Ekaterinburg Russia. Ekaterinburg History. Part 2
History of Ekaterinburg, Russia. Part 2
Ekaterinburg emblem: The upper part of escutcheon depicts a bear with the Gospel on its back. The bear with the Gospel is depicted on the red background thus reflecting the city’s belonging to Permskaya province, The lower part of the emblem represents a silver smelting furnace and a ore mine. These elements are painted on the green background and symbolize rich ore deposits of Ekaterinburg area.
From the beginning of the 19th century Ekaterinburg industry began changing gradually. Mechanical factories appeared in the city. They put in order the production of steam-engines and other equipment. The production of plants played an important role in technical reequipment of mining industry and metallurgy of the Urals. At the same time fat-melting, clothing and matching industries, a part of the private sector, began developing. Thus Ekaterinburg took the first place among Ural towns by the volume of the gross produce of the private industry.

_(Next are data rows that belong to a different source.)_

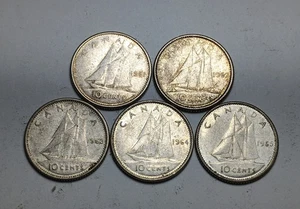 5x Canada 10 Cents - 1961, 1962, 1963, 1964 and 1965 - Canadian Silver Dimes - Picture 1 of 4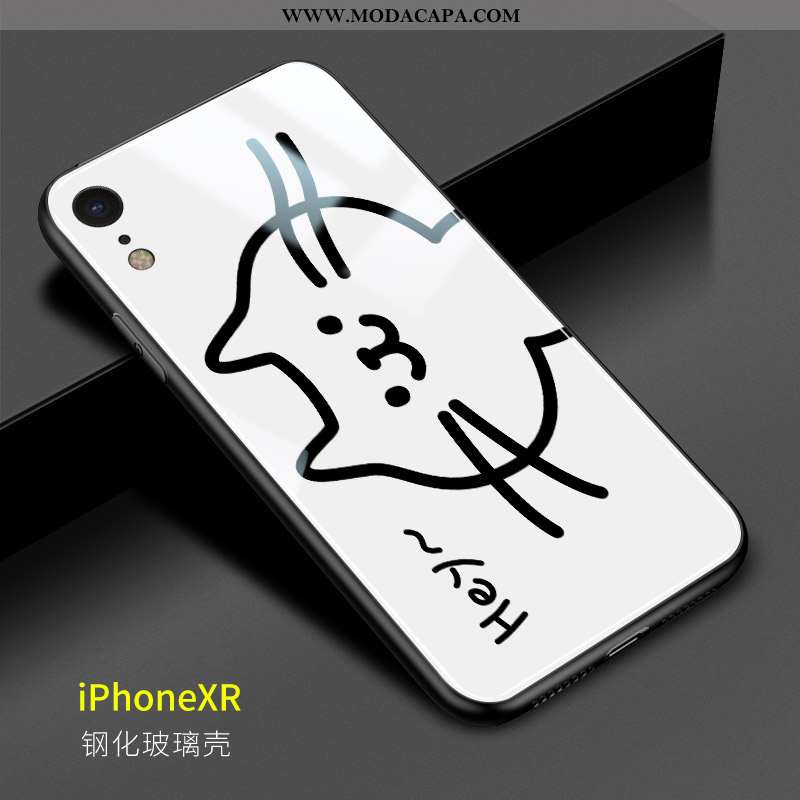Capa iPhone Xr Fofas Branco Capas Vidro Gato Desenho Animado Completa Barato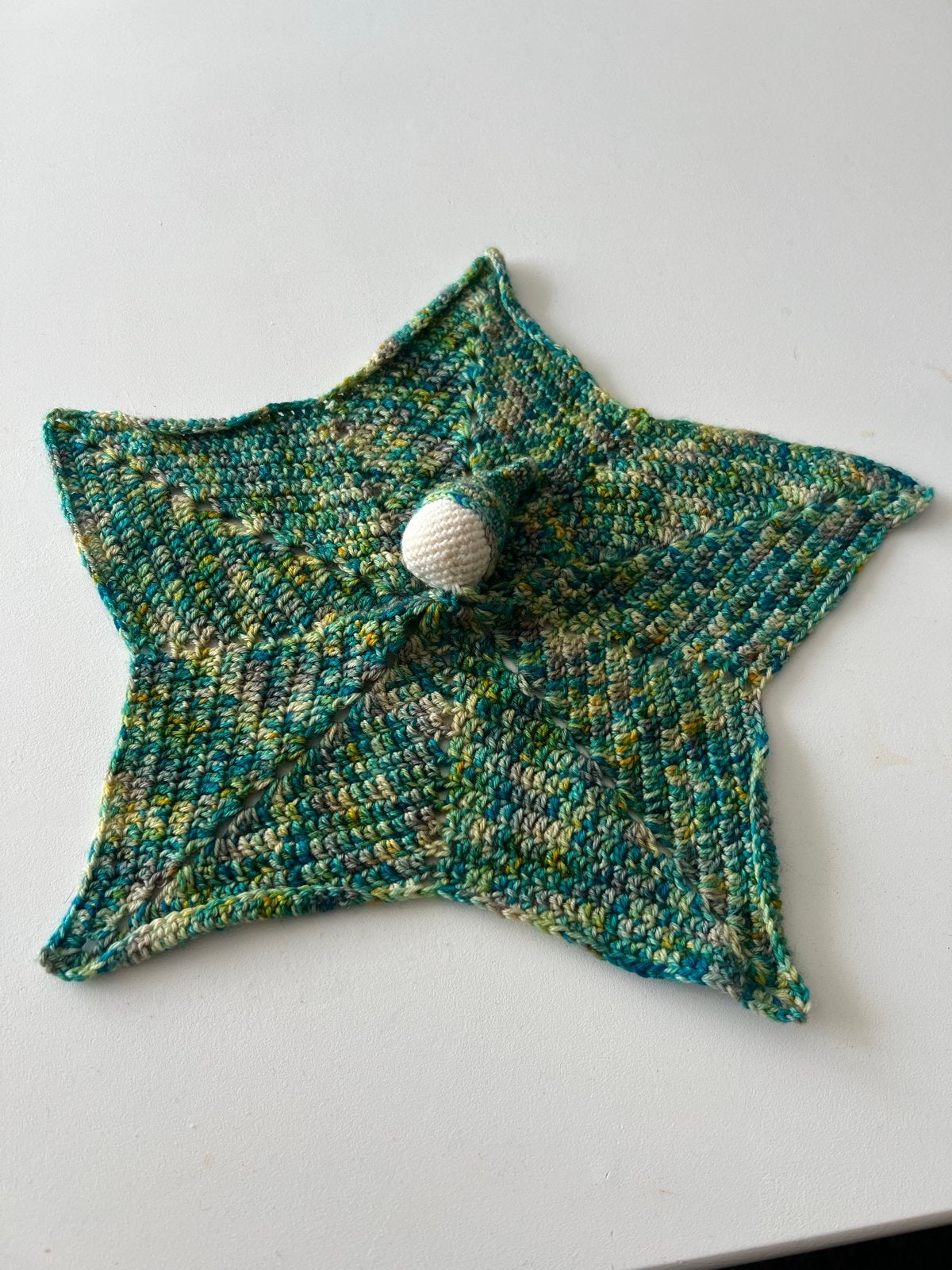 Gehaakte Ster Knuffeldoekje - Groen/Blauw, Ophalen of Verzenden, Zo goed als nieuw, Overige typen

In 1807, Ekaterinburg of Russia got the status of a "mining city" due to the city's place in the country's economics. Ekaterinburg of Russia took the leading position in cast iron and copper production, guns and cannon-balls casting, cold steel manufacture, and other spheres. In addition, metallurgical and metal mining plants of the Ural and Siberia had their Headquarters in Ekaterinburg. The Headquarters had different names in different periods of time. It was called Siberian Supreme Mining Command, Ober-Bergamt, Ural Mining Administration. It comprised several structures: mining courts, mining police, central mining drugstore and the city’s garrison submitted to the chief of the mining plants of the Ural Mountains.
Owing to its unique location on the border of Europe and Asia, Ekaterinburg played an important role as a trade mediator between two parts of the world. By the middle of the 19th century commercial intercourse of Ekaterinburg was valued at 8 millions rubles per year, and by the end of the 19th century it increased almost three times more. Such growth was connected with railway lines construction. The first railway line Perm -Ekaterinburg was launched to operation in 1878 year. Railway line Ekaterinburg -Tyumen went into operation seven years later and in 1897 Ekaterinburg-Chelyabinsk line began functioning. It allowed Ekaterinburg to join the general railway network of the country.
Industry and trade development was accompanied by appearance of banking system. In 1843 the department of the State Bank was opened. By the beginning of the 20th century private Siberian and Volgsko-Kamskij banks together with the municipal Public bank worked. Soon Russian Foreign Commerce Bank, Siberian Trade Industry Bank and Russian-Asian Bank opened their departments in Ekaterinburg. Their summed transactions were more than one billion rubles a year.
Not only economic potential grew but population too. In 1807 year 10 000 people lived in Ekaterinburg, in 1897, population was estimated as 43 200 people and before the revolution of 1917 there were 71,5 thousand inhabitants. Ekaterinburg took the second place after Perm in the number of population among Ural towns.
Gradually Ekaterinburg became known in Russia. Ekaterinburg itself, its lapidary factory and the mint were visited by famous Russian people. Among them were Russian academician I.Gmelin, captain-commander V.Bering, an outstanding explorer S.Cheljuskin, English scientist T.Atkinson, German scientist F.Nansen. In 1824 tsar Alexander I visited the city and in 1837 a heir of the throne and intending emperor Alexander II paid a visit to Ekaterinburg. All of them, with rare exception, liked the city and had best memories about Ekaterinburg, its people, architecture, techniques and technologies of leading mining plants.